• _What is required_
Would you return the lines that run from the start of the data below to the line with "Image 21 of 36 For 31129 Quarter Horse Way", both included, exactly as written and without pictures?

• _Record excerpts_

* * * * * * * * *

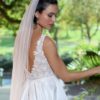 La robe de mariée Tiara avec décolleté en V, bustier en dentelle, ceinture perlée et jupe fluide en satin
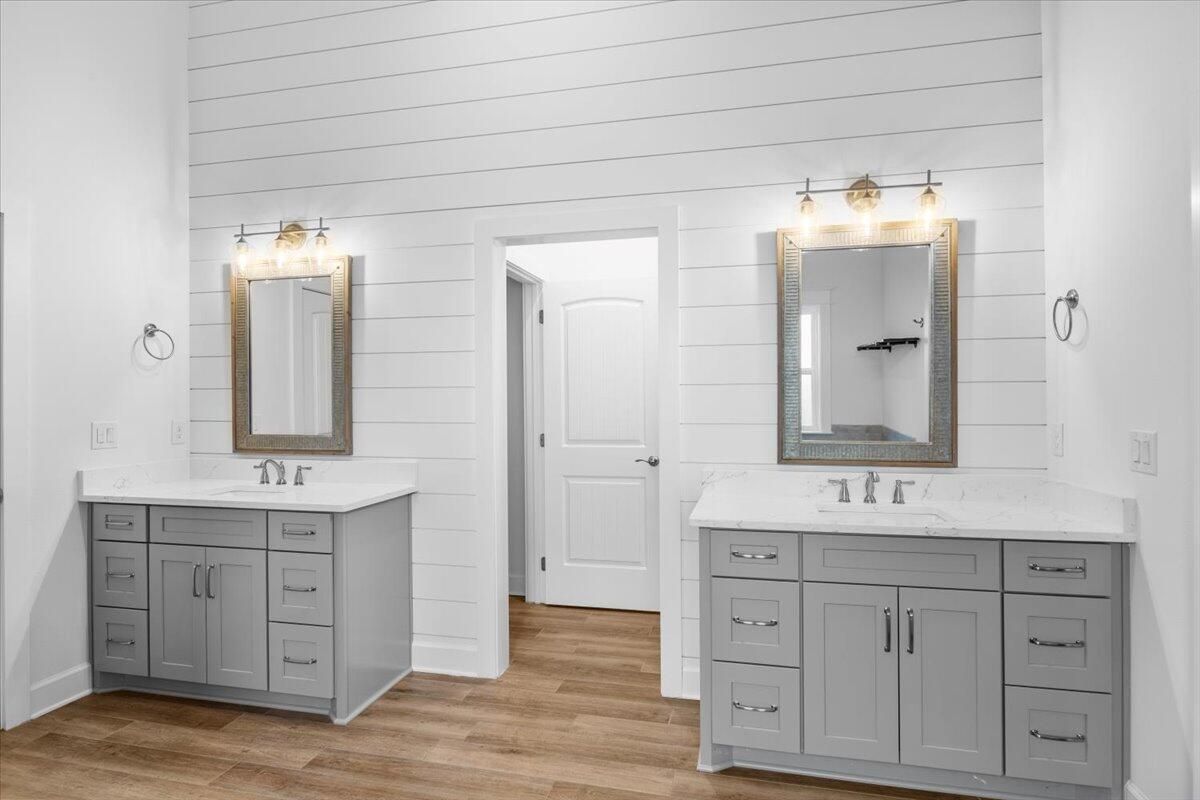 Bathroom, Dual Sink Vanities, Interior, Wood Texture Flooring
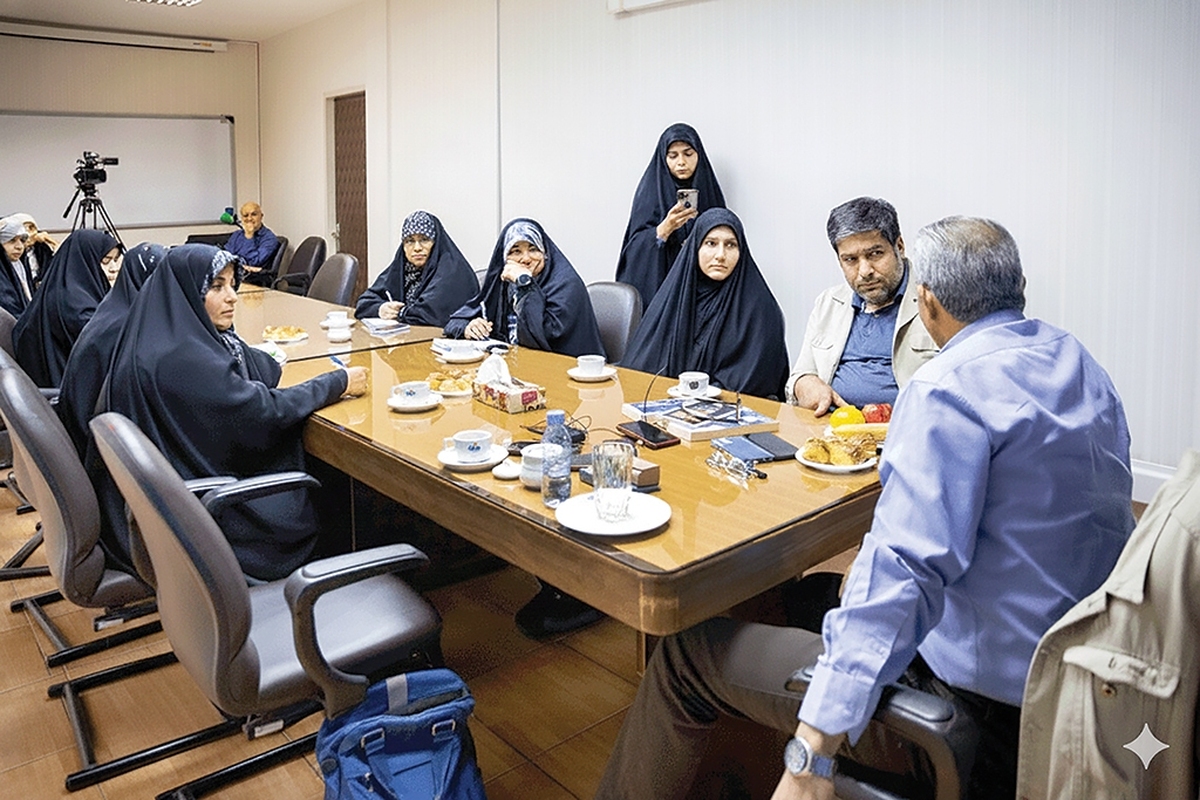 اولین‌بار با خواندن مقدمه‌ای که بر کتاب سینمای شوروی نوشته بود، متوجه شدم نسبت او با ادبیات،‌ قوی و فراگیر است. دقت و توان او در ترجمه،‌ اولین دیدارهای ما را رقم زد تا همین چند روز پیش که خواستیم باز هم در جمع‌مان حاضر شود و برای‌مان از ادبیات و سینما بگوید.
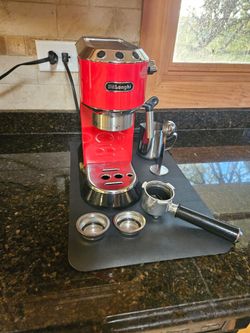 Delonghi Dedica espresso machine, red.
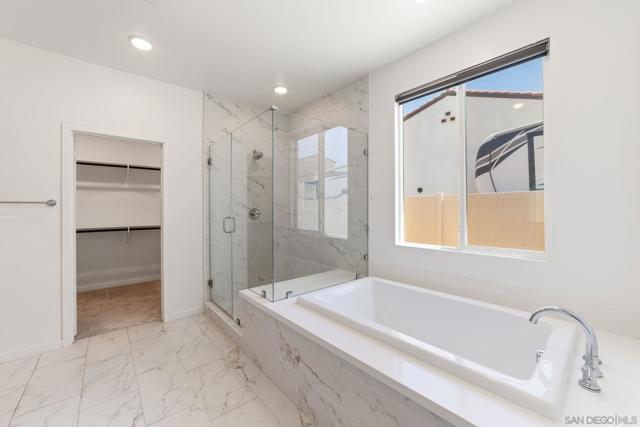 Image 21 of 36 For 31129 Quarter Horse Way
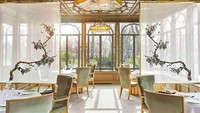 Memiliki jendela yang besar dan pemandangan yang indah, Alléno Paris au Pavillon Ledoyen diakui sebagai restoran termewah oleh Michelin Guide. Seluruh hidangan bergaya asli Perancisnya layak dicoba. Foto: Michelin Guide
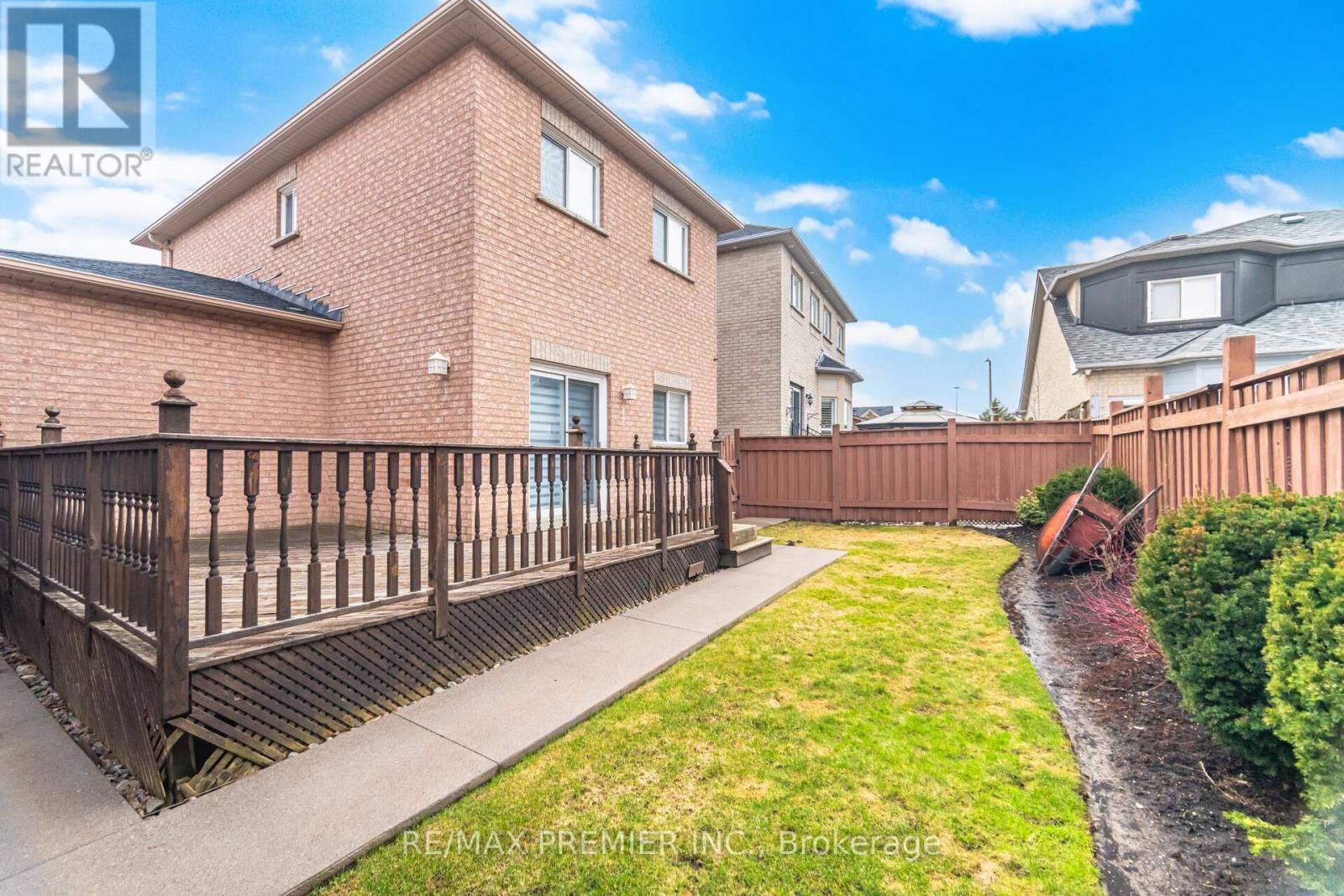 140 Ferdinand Avenue, Vaughan, Ontario  L6A 3H4 - Photo 36 - N12964966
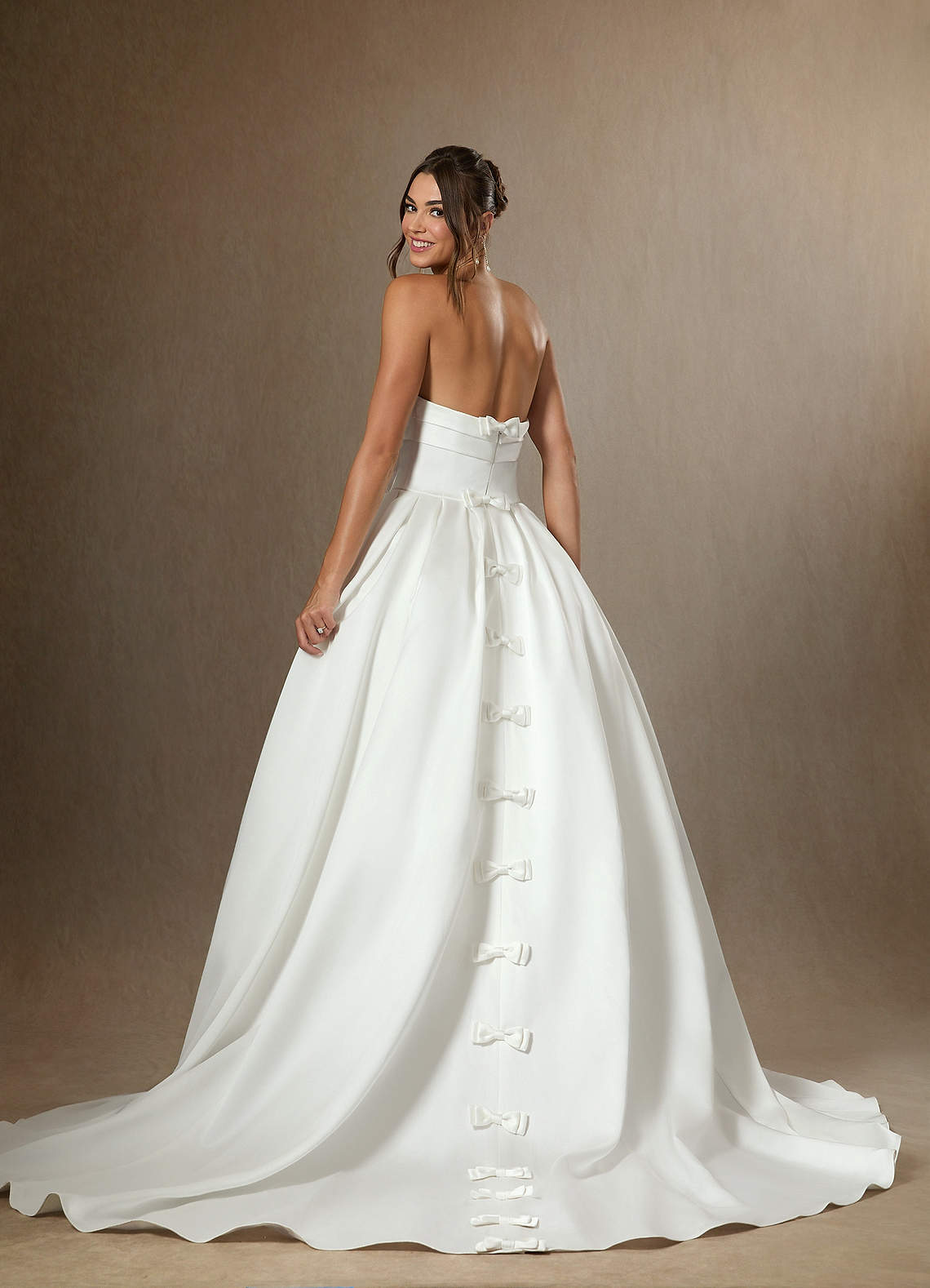 Azazie Desarae Vestidos de novia Vestido de Diamante Blanco de Satén de doble cara de Corte Princesa con Sin tirantes image1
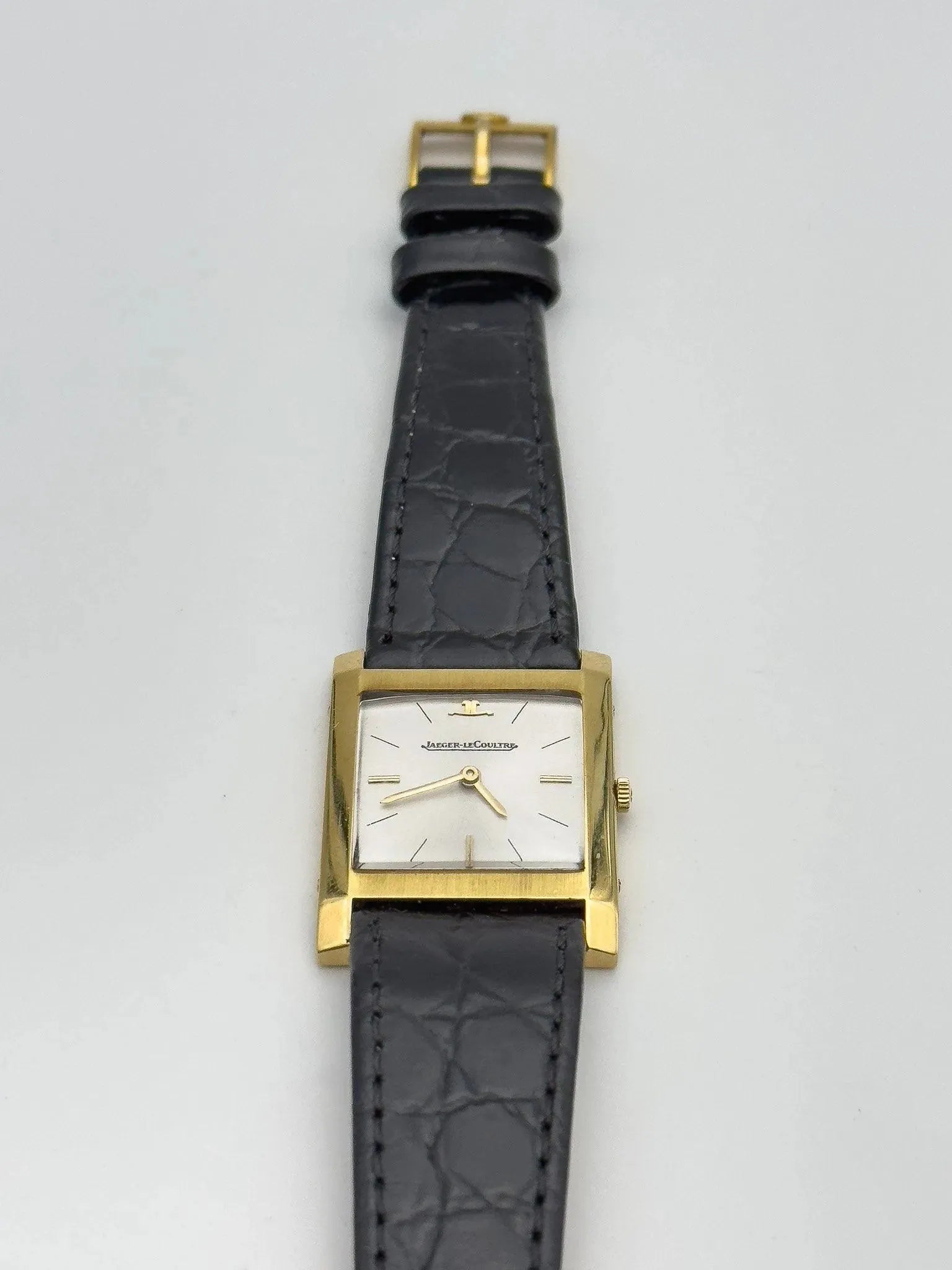 Jaeger-LeCoultre - Tank Or jaune 18k - Full Set - 1968 - Atelier Victor Paris - Vintage Watch Shop Dubai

* * * * * * * * *

• _Output below_
 La robe de mariée Tiara avec décolleté en V, bustier en dentelle, ceinture perlée et jupe fluide en satin
 Bathroom, Dual Sink Vanities, Interior, Wood Texture Flooring
 اولین‌بار با خواندن مقدمه‌ای که بر کتاب سینمای شوروی نوشته بود، متوجه شدم نسبت او با ادبیات،‌ قوی و فراگیر است. دقت و توان او در ترجمه،‌ اولین دیدارهای ما را رقم زد تا همین چند روز پیش که خواستیم باز هم در جمع‌مان حاضر شود و برای‌مان از ادبیات و سینما بگوید.
 Delonghi Dedica espresso machine, red.
 Image 21 of 36 For 31129 Quarter Horse Way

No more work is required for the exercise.